■ ACTIVITY ■
Print this span of the material below exactly: the line with "费拉拉Piccola Casa Antica公寓 外观 照片", the line with "楽天市場】【正規品保証・新品・未開封・当日発送】 CRYBABY Crying", and every line between them, but nothing else.

■ STORED DATA ■

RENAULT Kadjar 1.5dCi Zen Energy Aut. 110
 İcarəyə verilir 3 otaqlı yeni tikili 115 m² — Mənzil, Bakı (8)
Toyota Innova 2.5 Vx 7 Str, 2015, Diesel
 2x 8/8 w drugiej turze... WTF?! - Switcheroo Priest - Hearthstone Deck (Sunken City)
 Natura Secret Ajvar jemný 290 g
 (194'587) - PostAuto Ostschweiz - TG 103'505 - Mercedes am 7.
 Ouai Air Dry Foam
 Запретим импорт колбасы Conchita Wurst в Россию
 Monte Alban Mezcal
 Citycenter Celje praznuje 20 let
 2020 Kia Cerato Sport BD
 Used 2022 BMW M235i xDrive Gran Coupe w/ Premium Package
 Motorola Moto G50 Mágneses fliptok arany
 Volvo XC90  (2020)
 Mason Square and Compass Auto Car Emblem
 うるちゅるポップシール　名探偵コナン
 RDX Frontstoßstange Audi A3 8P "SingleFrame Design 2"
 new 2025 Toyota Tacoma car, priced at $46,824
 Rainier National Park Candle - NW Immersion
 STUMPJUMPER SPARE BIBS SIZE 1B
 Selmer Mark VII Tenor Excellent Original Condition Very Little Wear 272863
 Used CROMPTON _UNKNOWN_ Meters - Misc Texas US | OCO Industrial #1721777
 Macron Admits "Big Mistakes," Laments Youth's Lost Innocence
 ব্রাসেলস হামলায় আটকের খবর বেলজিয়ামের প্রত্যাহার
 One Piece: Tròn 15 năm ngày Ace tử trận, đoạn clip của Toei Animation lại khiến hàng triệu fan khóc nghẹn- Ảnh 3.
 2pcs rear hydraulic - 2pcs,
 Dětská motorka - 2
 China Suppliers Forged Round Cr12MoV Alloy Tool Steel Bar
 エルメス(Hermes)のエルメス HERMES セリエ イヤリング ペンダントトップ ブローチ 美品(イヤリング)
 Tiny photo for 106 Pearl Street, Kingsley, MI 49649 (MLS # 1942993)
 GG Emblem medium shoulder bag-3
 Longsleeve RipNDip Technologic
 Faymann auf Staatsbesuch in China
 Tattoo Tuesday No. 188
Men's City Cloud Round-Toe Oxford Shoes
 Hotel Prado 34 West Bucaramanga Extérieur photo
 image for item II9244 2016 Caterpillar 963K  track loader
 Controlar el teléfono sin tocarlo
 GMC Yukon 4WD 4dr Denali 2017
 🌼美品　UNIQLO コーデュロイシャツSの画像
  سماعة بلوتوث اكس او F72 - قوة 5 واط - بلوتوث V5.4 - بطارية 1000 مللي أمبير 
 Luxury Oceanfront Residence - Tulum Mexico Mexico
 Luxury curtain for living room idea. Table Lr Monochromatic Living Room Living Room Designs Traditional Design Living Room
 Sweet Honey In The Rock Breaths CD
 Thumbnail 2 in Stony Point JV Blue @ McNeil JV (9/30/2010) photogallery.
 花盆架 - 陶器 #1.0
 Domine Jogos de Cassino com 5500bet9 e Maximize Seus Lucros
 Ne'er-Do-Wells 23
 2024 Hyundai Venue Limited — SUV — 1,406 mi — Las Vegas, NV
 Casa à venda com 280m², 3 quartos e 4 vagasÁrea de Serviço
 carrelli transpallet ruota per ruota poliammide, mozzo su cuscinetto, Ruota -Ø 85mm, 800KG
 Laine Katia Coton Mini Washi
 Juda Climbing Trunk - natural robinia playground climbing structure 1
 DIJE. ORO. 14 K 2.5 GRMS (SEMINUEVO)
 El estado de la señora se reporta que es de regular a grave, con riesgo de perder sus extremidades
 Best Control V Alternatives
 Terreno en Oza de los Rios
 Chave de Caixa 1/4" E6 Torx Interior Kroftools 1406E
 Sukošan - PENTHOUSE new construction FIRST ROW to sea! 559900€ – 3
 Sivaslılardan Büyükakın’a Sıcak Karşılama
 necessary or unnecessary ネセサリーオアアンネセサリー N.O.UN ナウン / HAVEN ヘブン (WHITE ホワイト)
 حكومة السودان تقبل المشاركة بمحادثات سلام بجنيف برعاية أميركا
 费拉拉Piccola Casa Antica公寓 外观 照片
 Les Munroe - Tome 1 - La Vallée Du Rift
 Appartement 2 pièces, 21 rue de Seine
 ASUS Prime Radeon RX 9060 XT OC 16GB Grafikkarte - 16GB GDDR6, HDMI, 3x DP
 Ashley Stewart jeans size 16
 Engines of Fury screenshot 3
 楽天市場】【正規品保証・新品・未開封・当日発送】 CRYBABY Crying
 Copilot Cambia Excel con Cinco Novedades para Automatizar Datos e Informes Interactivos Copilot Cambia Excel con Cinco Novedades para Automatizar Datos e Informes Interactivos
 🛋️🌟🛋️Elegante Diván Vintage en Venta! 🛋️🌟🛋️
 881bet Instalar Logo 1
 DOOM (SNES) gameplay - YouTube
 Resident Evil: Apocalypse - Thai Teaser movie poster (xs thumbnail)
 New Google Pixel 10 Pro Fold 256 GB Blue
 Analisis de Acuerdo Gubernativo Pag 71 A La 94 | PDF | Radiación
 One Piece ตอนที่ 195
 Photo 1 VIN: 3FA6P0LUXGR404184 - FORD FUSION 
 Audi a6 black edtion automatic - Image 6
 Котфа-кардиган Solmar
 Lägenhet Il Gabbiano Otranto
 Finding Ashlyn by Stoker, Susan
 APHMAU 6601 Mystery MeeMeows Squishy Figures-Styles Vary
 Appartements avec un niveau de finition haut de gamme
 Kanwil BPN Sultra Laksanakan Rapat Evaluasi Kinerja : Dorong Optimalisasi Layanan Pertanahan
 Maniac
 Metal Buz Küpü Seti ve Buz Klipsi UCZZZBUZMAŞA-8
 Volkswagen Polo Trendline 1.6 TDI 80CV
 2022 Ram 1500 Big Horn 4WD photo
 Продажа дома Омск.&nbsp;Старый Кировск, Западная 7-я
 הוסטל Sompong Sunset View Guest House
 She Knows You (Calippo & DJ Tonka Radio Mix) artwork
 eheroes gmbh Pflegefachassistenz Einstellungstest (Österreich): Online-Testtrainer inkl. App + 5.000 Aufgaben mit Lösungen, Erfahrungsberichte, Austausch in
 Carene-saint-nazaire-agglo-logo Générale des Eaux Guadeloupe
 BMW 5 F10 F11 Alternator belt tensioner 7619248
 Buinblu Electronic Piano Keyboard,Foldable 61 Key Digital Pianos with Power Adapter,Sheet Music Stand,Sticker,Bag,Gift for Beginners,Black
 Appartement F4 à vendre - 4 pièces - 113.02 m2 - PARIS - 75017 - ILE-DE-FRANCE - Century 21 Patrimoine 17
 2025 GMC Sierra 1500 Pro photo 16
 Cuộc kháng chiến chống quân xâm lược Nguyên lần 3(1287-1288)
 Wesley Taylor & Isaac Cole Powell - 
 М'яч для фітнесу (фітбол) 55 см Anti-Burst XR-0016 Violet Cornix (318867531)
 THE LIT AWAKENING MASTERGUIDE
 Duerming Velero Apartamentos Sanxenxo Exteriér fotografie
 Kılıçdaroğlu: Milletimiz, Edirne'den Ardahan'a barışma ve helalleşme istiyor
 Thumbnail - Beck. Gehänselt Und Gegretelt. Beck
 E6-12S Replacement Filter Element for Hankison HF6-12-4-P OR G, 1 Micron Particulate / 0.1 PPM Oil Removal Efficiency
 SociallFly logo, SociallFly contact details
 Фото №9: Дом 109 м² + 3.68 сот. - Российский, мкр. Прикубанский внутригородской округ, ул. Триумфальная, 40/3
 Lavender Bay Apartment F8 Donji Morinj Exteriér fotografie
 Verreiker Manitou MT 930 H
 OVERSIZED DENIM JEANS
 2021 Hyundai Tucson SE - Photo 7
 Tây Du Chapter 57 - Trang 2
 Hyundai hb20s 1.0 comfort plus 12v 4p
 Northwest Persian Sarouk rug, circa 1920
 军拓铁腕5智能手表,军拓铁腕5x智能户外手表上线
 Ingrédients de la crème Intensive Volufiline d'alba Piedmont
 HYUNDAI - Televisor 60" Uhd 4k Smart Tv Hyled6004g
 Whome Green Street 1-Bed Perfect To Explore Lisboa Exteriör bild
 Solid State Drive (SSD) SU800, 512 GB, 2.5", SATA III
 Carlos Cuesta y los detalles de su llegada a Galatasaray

■ EXERCISE OUTPUT ■
 费拉拉Piccola Casa Antica公寓 外观 照片
 Les Munroe - Tome 1 - La Vallée Du Rift
 Appartement 2 pièces, 21 rue de Seine
 ASUS Prime Radeon RX 9060 XT OC 16GB Grafikkarte - 16GB GDDR6, HDMI, 3x DP
 Ashley Stewart jeans size 16
 Engines of Fury screenshot 3
 楽天市場】【正規品保証・新品・未開封・当日発送】 CRYBABY Crying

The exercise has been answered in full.